University of British Columbia, Vancouver, British Columbia, Canada.
Faculty of Medicine, University of British Columbia, Vancouver, British Columbia, Canada.
PLoS One. 2024 Nov 21;19(11):e0309471. doi: 10.1371/journal.pone.0309471. eCollection 2024.

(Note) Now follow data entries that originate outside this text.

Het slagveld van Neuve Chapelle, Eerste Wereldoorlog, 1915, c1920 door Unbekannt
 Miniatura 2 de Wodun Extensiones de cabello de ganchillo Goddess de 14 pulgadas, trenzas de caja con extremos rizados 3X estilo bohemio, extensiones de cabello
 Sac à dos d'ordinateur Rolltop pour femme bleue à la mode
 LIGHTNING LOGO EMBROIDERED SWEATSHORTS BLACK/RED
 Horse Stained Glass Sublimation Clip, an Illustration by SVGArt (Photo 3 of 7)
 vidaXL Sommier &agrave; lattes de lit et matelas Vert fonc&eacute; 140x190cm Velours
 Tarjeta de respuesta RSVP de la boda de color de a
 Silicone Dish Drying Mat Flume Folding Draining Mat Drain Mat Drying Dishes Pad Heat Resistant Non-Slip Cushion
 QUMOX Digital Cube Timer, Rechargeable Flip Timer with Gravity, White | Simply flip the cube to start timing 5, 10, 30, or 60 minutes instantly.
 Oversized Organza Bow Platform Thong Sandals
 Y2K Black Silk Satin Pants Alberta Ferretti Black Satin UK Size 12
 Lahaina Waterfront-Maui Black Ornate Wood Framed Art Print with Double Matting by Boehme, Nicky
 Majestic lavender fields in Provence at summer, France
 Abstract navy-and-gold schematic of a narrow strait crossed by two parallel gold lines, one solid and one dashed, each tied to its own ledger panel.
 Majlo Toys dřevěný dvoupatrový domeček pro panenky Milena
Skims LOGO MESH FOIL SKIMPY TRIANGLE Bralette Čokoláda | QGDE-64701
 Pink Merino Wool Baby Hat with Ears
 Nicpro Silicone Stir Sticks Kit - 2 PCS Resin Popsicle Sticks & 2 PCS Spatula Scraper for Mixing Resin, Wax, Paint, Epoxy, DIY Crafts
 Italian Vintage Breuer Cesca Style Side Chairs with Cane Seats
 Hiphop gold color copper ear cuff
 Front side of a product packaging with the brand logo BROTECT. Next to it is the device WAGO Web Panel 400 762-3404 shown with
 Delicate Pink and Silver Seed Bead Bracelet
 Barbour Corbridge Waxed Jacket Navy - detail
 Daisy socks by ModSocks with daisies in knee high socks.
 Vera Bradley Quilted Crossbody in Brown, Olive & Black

The most common pediatric primary malignant bone tumor, osteosarcoma, is often described as genetically non-recurrent and heterogeneous. Neoadjuvant chemotherapy is typically followed by resection and assessment of treatment response, which helps inform prognosis. Identifying biomarkers that may impact chemotherapy response and survival could aid in upfront risk stratification and identify patients in highest need of innovative therapies for future clinical trials. Relative to conventional genetics, little is known about osteosarcoma epigenetics. We aimed to characterize the methylation and phosphorylation status in osteosarcoma using histone markers found in primary diagnostic biopsies and their paired metastases. We constructed two tissue microarray sets from 58 primary diagnostic samples and 54 temporally-separated but related metastatic or recurrent samples, with tissue blocks available from 2002-2022. Clinical charts were reviewed for post-therapy necrosis response, presence of metastatic disease or recurrence, and overall survival. We evaluated 6 histone H3 residues using immunohistochemistry, including H3K4me3, H3K9me3, H3K27me2, H3K27me3, H3S10T11phos, and H3S28phos. Tumors were scored with low (<25%) or high (≥25%) nuclear staining of tumor cells. Diagnostic biopsies with low H3K27me3 nuclear staining were associated with poor treatment response (≤90% necrosis) at the time of definitive excision (P<0.05). We observed loss of H3S10T11phos expression in metastatic and recurrent resections specimens compared to the primary tumor (P<0.05). Expression patterns for the remaining histone markers did not show significant associations with disease parameters or survival. Although larger cohort studies are needed, these results support the expanded evaluation of histone markers, particularly H3K27me3 and H3S10T11phos, in osteosarcoma biology and risk stratification.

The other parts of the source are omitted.